Office of Dean Heller

Secretary of State

Filed 09/08/1999

C22168-99


ARTICLES OF INCORPORATION

OF

EASTGATE ACQUISITIONS CORPORATION


FIRST:  The name of this corporation is:


EASTGATE ACQUISITIONS CORPORATION


SECOND:  Its principal office in the State of Nevada is located at 502 East John Street, Carson City, Nevada, 89706. The name and address of its resident agent is CSC Services of Nevada, Inc., at the above address.


THIRD:  The nature of the business or objects or purposes proposed may be organized under the General Corporation Law of the State of Nevada;


     To engage in any lawful act or activity for which corporations may be organized under the General Corporation Law of the State of Nevada.


FOURTH:  The total authorized capital stock of the corporation is 20,000,000 at 0.0001 par value.


FIFTH:  The governing board of this corporation shall be known as directors, and the number of directors may from time to time be increased or decreased in such manner as shall be provided in the by-laws of this corporation, provided that the number of directors shall not be reduced to less than one unless there is less than one stockholder.


The name and post office address of the first board of directors, which shall be one in number, is as follows:


NAME                           POST OFFICE ADDRESS

Harry Winderman                2295 Corp Blvd., Suite 140

                               Boca Raton, FL 33431


SIXTH:  The corporation may indemnify any officer, director, employee, or agent or any officer, director, employee, or agent to the extent permitted by law.

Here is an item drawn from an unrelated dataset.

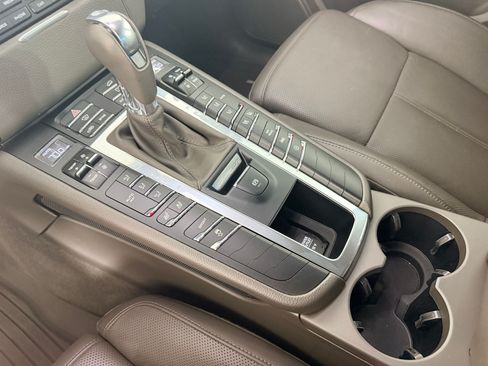 Used 2018 Porsche Macan S AWD/4WD image 16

SEVENTH:  The capital stock, after the amount of the subscription price,or par value, has been paid in, shall not be subject to assessment to pay the debts of the corporation.






<PAGE>


EIGHTH;  The name and post office address of the incorporator signing the articles of incorporation is as follows.


NAME                            POST OFFICE ADDRESS

C. Woodgate                     502 East John Street

                                Carson City, NV 89706




NINTH:  The corporation is to have perpetual existence.


TENTH:  In furtherance and not in limitation of the powers conferred by statute, the board of directors is expressly authorized, subject to the by-laws, if any, adopted by the shareholders, to make, alter or amend the by-laws of the corporation.


ELEVENTH:  Meetings of stockholders may be held outside of the State of Nevada at such place or places as may be designated from time to time by the board of directors or in the by-laws of the corporation.


TWELFTH:  This corporation reserves the right to amend, alter, change or repeal any provision contained in the articles of incorporation, in the manner now or hereafter prescribed, and all rights conferred upon stockholders herein are granted subject to this reservation.


I, THE UNDERSIGNED, being the sole incorporator herein before named for the purpose of forming a corporation pursuant to the General Corporation Law of the State of Nevada, do make and file these articles of incorporation, hereby declaring and certifying that the facts herein stated are true, and accordingly have hereunto set my hand this 8th day of September, A.D. 1999.